The mood in the world of AI has changed subtly during 2018, stemming from a desire to avoid a hard landing from the hype that has lifted the field to stratospheric heights of over-expectation. This has not tempered enthusiasm so much as dampened some of the rhetoric associated with deep machine learning in particular, where the essential error has been to exaggerate the level of general intelligence that has been achieved.
That echoed earlier mistakes dating right back to the dawn of AI, when progress on a very limited use case confined to a small vocabulary led to wild prognostications that machine translation would be solved within a few years. Such mindless over excitement has caused the larger AI field to fizzle out several times over the last 60 years, and there is a sense this must not happen again. While it seems unlikely history will be repeated there is still a danger of investment collapsing as large amounts of venture capital disappear among the frenzy of start-ups.
There has been spectacular progress in some areas, especially vision and natural language processing, as well as deriving insights from complex data sets with great promise in medical diagnosis for example. But this has deluded practitioners in the field who ought to know better into promoting the idea that we are on the threshold of a new industrial revolution more profound than the advent of the steam engine or electric power.
AI today is described in breathless terms as computer algorithms that use silicon incarnations of our organic brains to learn and reason about the world, producing intelligent superhumans rapidly making their creators obsolete. The reality is far more down to earth, because the phenomenal aspect of contemporary AI is not the algorithms themselves but the hardware they run on.
This has of course galvanized research into algorithms to make most efficient use of the hardware, and this in turn has percolated down into silicon design. AI and machine learning research therefore straddle both hardware and software with much exciting work being done, but it is the increase in power and storage, coupled with the liberation of massive data sets, that went into the mix that is contemporary AI.
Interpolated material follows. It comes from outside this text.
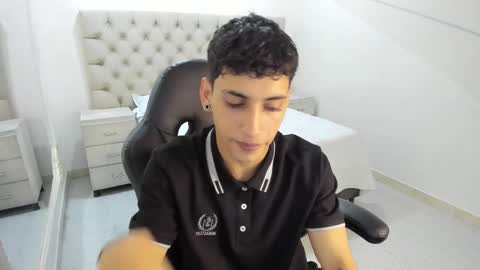 jhoanleandro online show from November 3, 2025, 4:25 am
The other point to make is that the AI and machine learning algorithms we have are still rooted in statistical and probabilistic analysis, and while they could loosely be said to be inspired by the human brain they are not modelled on it. They cannot be, because we lack a clear enough appreciation of exactly how the brain tackles complex problems, beyond some of the basic circuitry. Machine learning algorithms operate essentially by adjusting their parameters or weights in response to feedback just like earlier statistical algorithms used in game theory for many years, just to a greater level of depth.
Of course, the brain could be described as just a bunch of neurons and circuits, but in the human case has evolved to a much deeper level of cognition that allows insights and knowledge to be transferred flexibly in a fluid way between domains of knowledge. By contrast machine learning, despite all the talk of unsupervised algorithms, is very much confined to domains. It is a machine tool rather than an intelligent entity, taking computers a step beyond the codification of rules in expert systems but still requiring human hands, or minds, to guide it. The anthropomorphizing of them into intelligent and sentient silicon beings is very premature.
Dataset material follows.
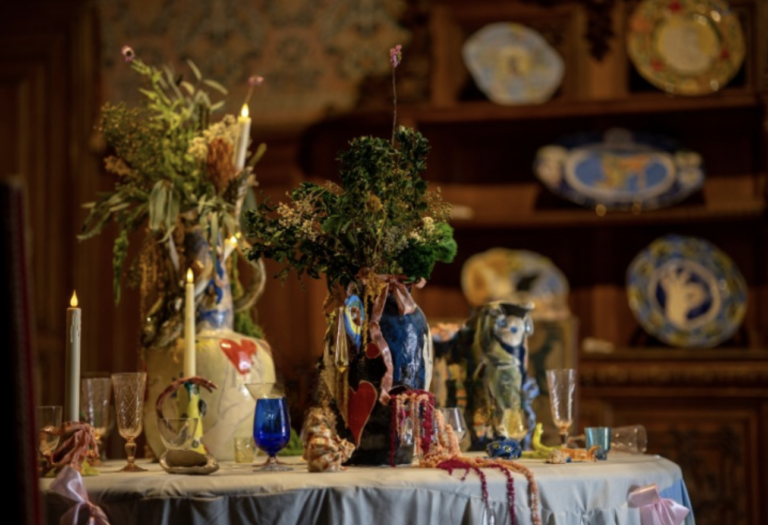 Table dressée avec céramiques et compositions végétales de Camille Chastang au château de La Roche-Guyon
There was a sense of this institutional self-awareness at the recent AI World in Boston, where the presentations veered between further breathless presentations of great advances and an almost sheepish admission that hype was exceeding accomplishment. There was also a reality check in the second annual AI Index, a partnership comprising among others Harvard, MIT, Stanford, the nonprofit OpenAI, and the Partnership on AI industry consortium, collating and analyzing data on the state of the field itself. Its first report a year ago had been criticized for being too effusive and US-centric, reflecting the origin of its contributors.
Both these caveats have been addressed at least partly in the second edition, which emphasized for example how funding is now exploding almost everywhere and not just in the US. Funding is becoming more evenly distributed across Europe and Asia, with China, Japan, and South Korea leading Eastern countries in AI research paper publication, university enrollment, and patent applications.
Europe though, spearheaded by the UK, has forged ahead faster than is often acknowledged and has become the region publishing the largest number of AI papers. The continent accounted for 28% of all AI-related publications in 2018, just ahead of China on 25%, with North America well behind on 17%. Papers published does not equate to investment and implementation, but the index is keen to redress the US-centricity of the first version.
The rhetoric has also been reined back significantly, with the admission that rate of progress in AI has itself become a hotly contested issue. The report continues to insist that AI is set to change the world but concedes now that how and when are very much open questions.
The second index goes further than the first in stressing that progress has been skewed so far towards certain fields like limited game-playing and vision where extraordinary progress has been made. It remains far behind in general intelligence tasks that would result in, say, total automation of more than a limited variety of jobs, the report admitted. For that reason, talk of AI decimating jobs is also premature.
The report nominates computer vision as the hottest field of research, because of its foundational status as the discipline helping to develop self-driving cars as well as usher in augmented reality and object recognition. No surprise there, but less expected was the suggestion that natural language processing research is receiving less attention and investment at present. This rather seems to ignore the extensive work on natural language processing at Google, Amazon, Apple and Microsoft among others.
While the AI index may have erred on that point its measured tone imbued with reality is welcome and timely as AI applications begin to enter mission critical environments where appreciation of their limitations in learning, adaptation and robustness should help avoid over hasty deployment of algorithms that are not fully tried and tested.